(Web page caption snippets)
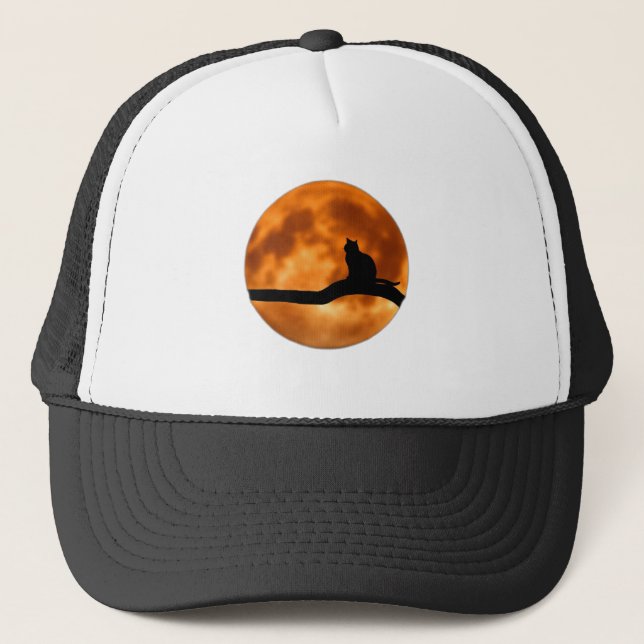 Katzenklatsche auf Sonnenuntergang Truckerkappe (Vorderseite)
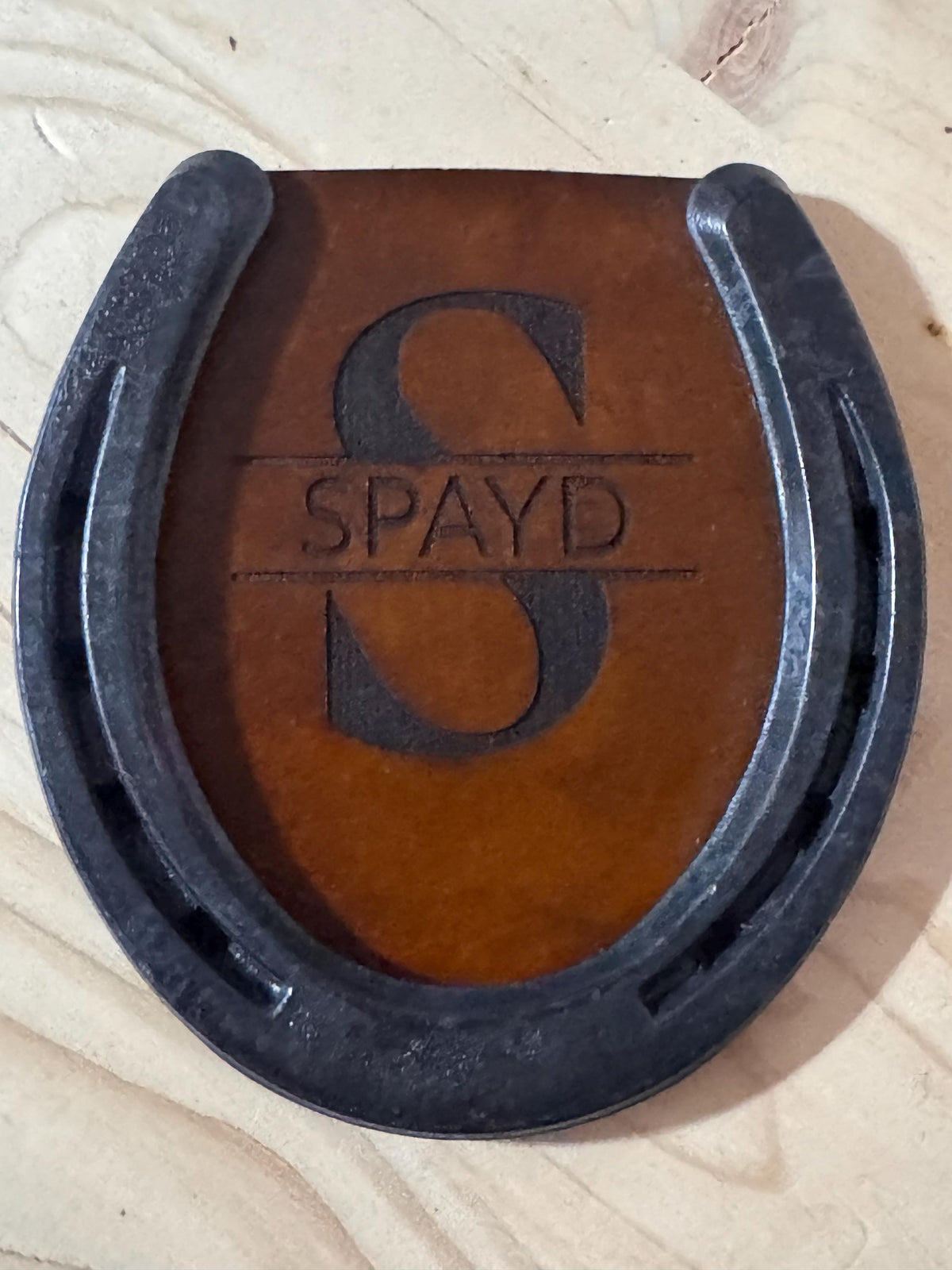 Personalized Horseshoe Leather Coaster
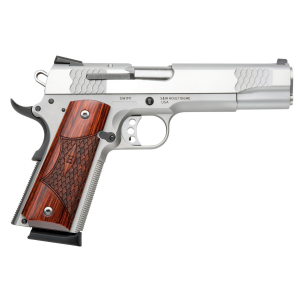 Smith & Wesson 108482 1911 E-Series Serrated Frame 45 ACP 8+1 5 in Stainless Steel Barrel, Satin Stainless Serrated Slide & Frame w/Beavertail, Laminate Wood Grip, Pistol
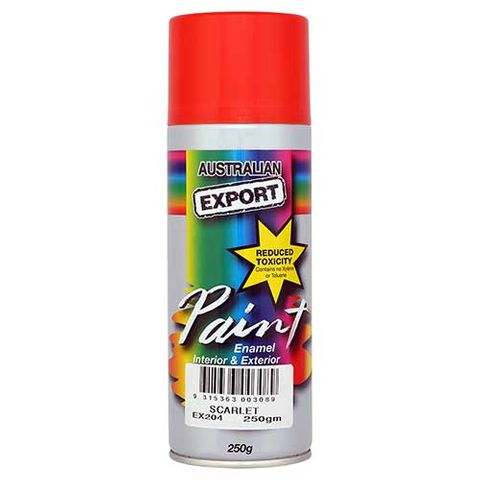 EXPORT ENAMEL SPRAY PAINT SCARLET AEROSOL 250G EA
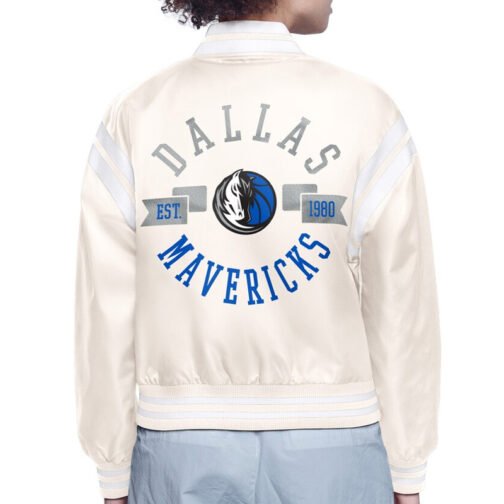 Dallas Mavericks Printed Logo Varsity Satin Jacket - Image 4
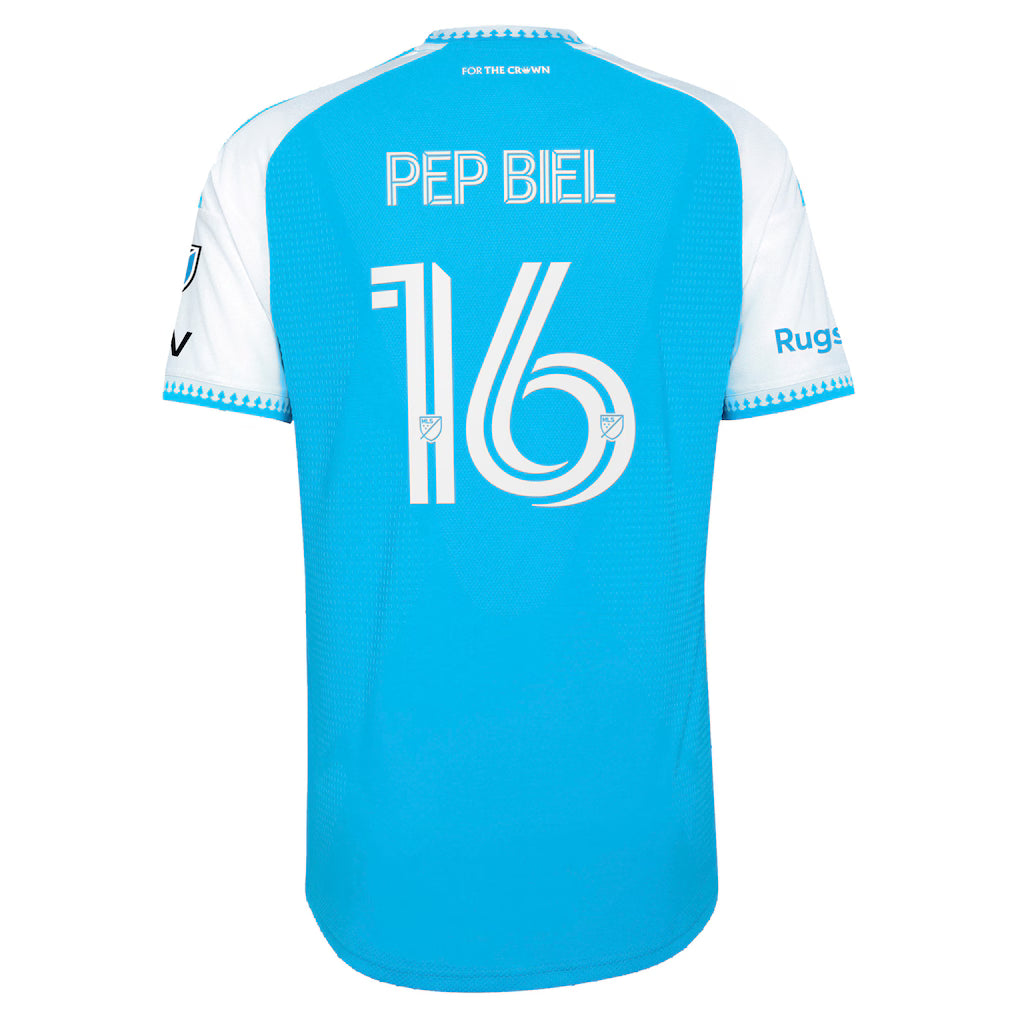 Men's Charlotte FC Pep Biel Blue 2026 Carolina Kit: Crowns Up On-Field Authentic Patch Jersey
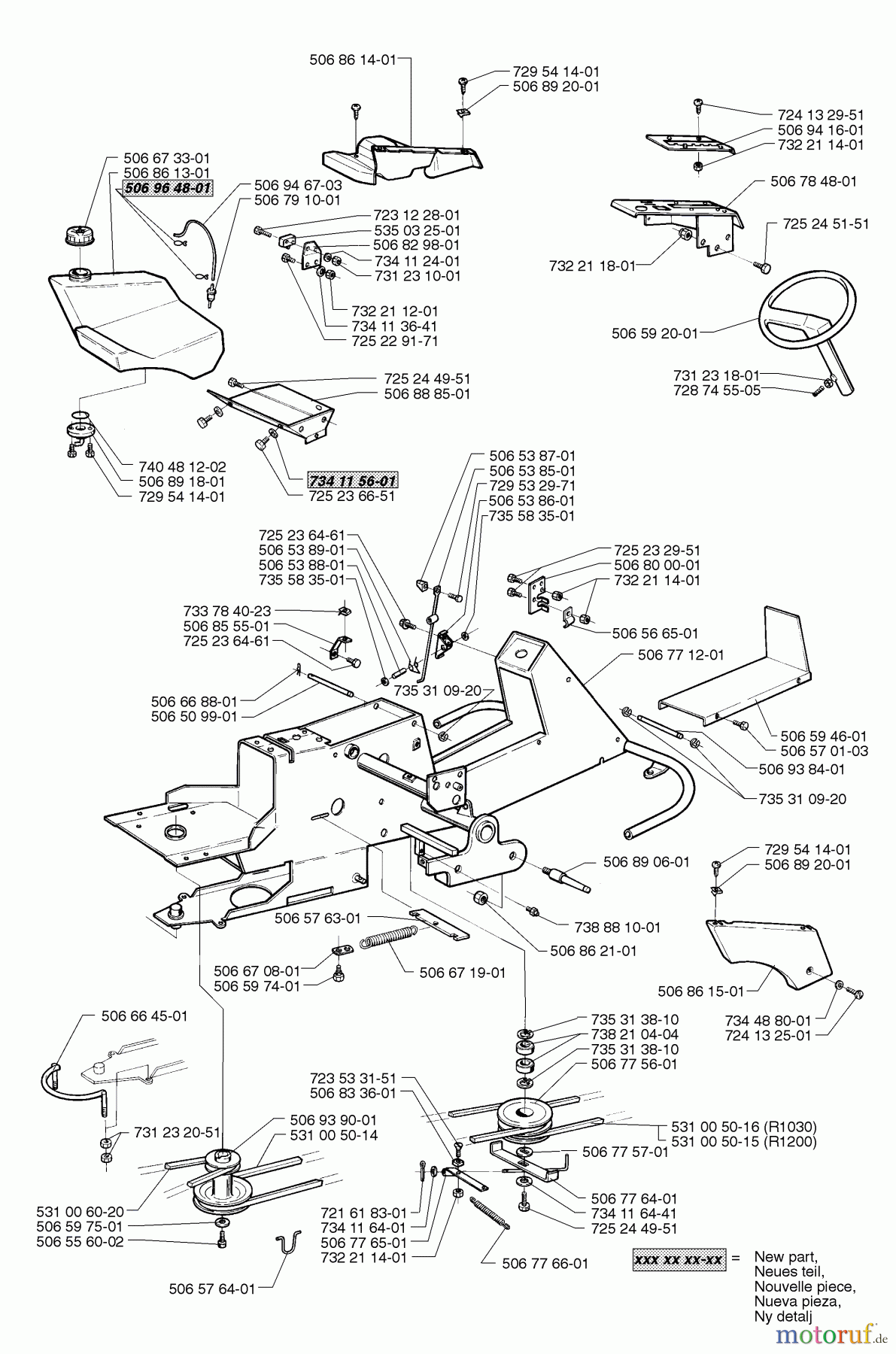  Husqvarna Reitermäher, Motor hinten Rider 1200 - Husqvarna Rear-Engine Rider (1998-01 & After) Frame Assembly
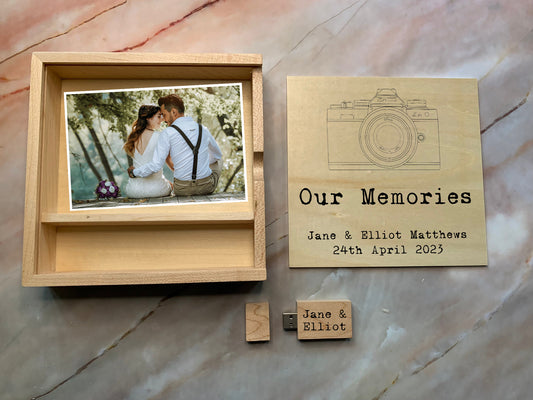Personalised Wedding Memories Flash Drive USB Stick With Large Wooden Box in Maple or Walnut, 4GB, 8GB, 16GB, 32GB, 64GB with camera - Resplendent Aurora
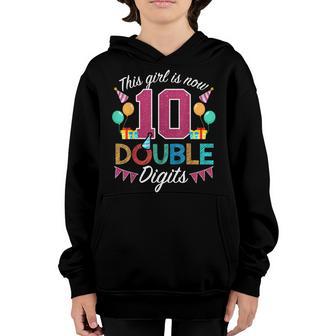 10Th Birthday Gifts This Girl Is Now 10 Double Digits V28 Youth Hoodie - Thegiftio UK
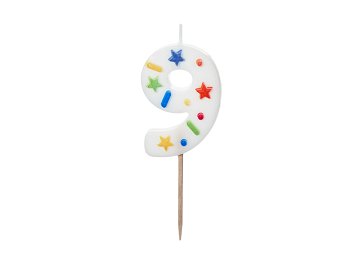 Bougie d'anniversaire Chiffre '9', confettis blancs, 5.5cm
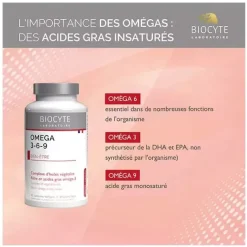 Longevity Omega 3-6-9 Biocyte - boîte de 60 capsules micro-encapsulés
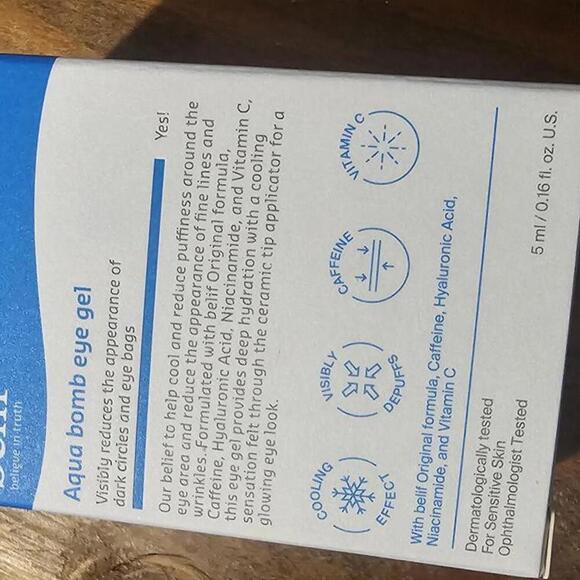 belif Aqua Bomb Eye Gel - 5ml, Hydrating Treatment for Dark Circles - Picture 2 of 2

WORK ITEM
Set the pictures aside and transcribe exactly the stretch of lines above, beginning with the one holding "EXPORT ENAMEL SPRAY" and ending with the one holding "Husqvarna Reitermäher, Motor".

YOUR SOLUTION
 EXPORT ENAMEL SPRAY PAINT SCARLET AEROSOL 250G EA
 Dallas Mavericks Printed Logo Varsity Satin Jacket - Image 4
 Men's Charlotte FC Pep Biel Blue 2026 Carolina Kit: Crowns Up On-Field Authentic Patch Jersey
  Husqvarna Reitermäher, Motor hinten Rider 1200 - Husqvarna Rear-Engine Rider (1998-01 & After) Frame Assembly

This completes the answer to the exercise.